* Task directions: Everything in the records below except the pictures must be written out exactly.

--- Materials provided ---

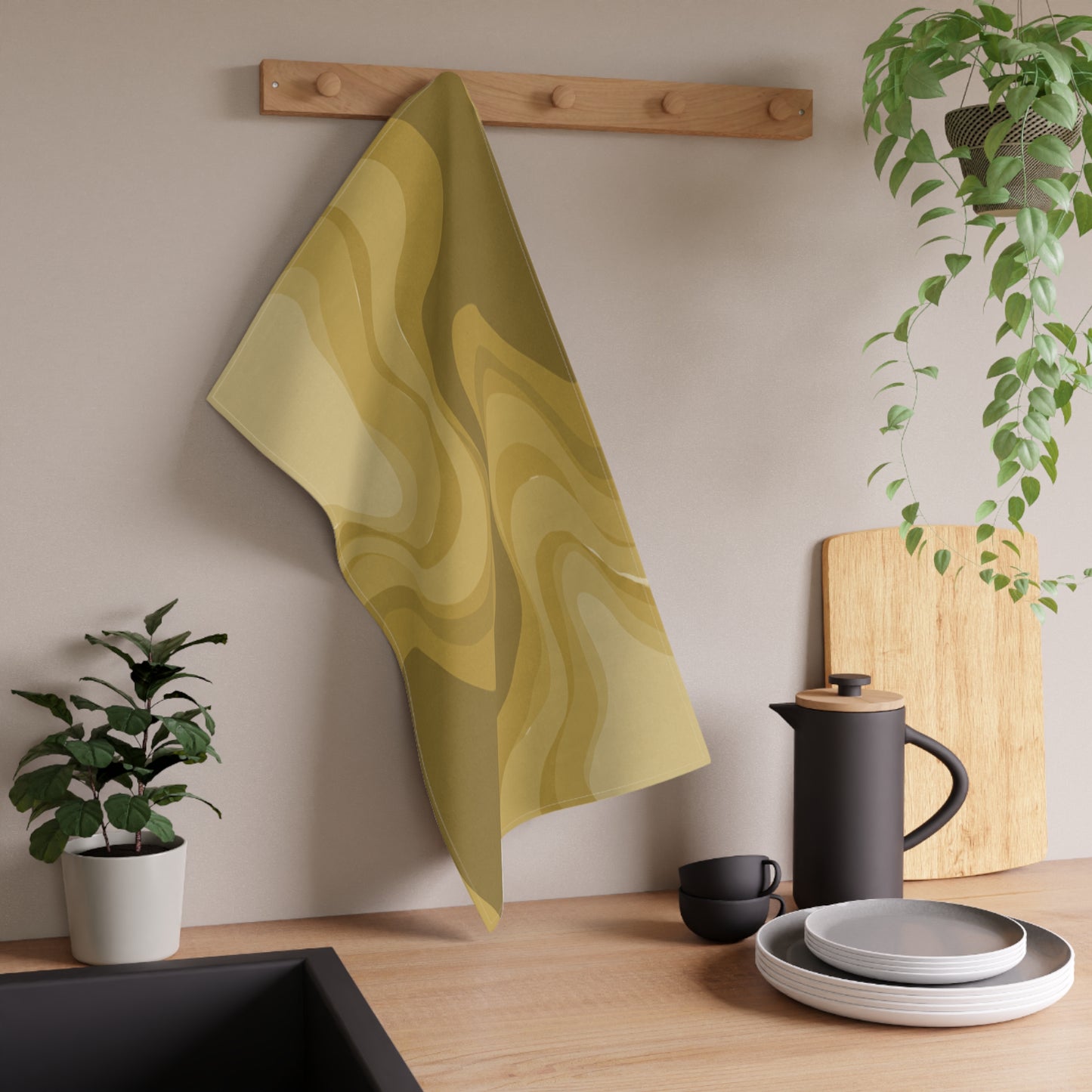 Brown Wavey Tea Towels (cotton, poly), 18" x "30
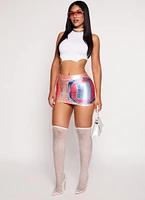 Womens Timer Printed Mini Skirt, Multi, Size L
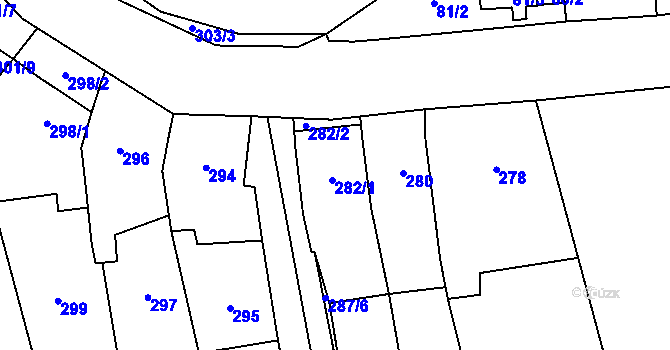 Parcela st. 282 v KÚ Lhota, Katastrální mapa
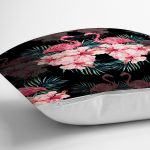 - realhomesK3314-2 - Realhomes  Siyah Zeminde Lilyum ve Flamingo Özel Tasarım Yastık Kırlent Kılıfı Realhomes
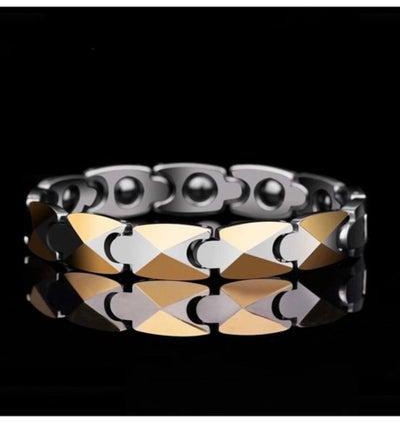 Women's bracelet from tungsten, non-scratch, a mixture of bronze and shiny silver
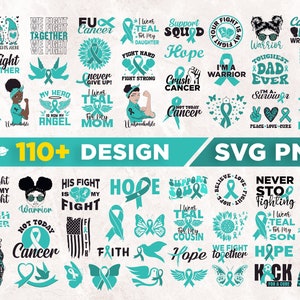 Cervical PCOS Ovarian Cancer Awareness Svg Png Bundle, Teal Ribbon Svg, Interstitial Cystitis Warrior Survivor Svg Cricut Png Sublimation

---

* Output below:
 Brown Wavey Tea Towels (cotton, poly), 18" x "30
 Womens Timer Printed Mini Skirt, Multi, Size L
 Parcela st. 282 v KÚ Lhota, Katastrální mapa
 - realhomesK3314-2 - Realhomes  Siyah Zeminde Lilyum ve Flamingo Özel Tasarım Yastık Kırlent Kılıfı Realhomes
 Women's bracelet from tungsten, non-scratch, a mixture of bronze and shiny silver
 Cervical PCOS Ovarian Cancer Awareness Svg Png Bundle, Teal Ribbon Svg, Interstitial Cystitis Warrior Survivor Svg Cricut Png Sublimation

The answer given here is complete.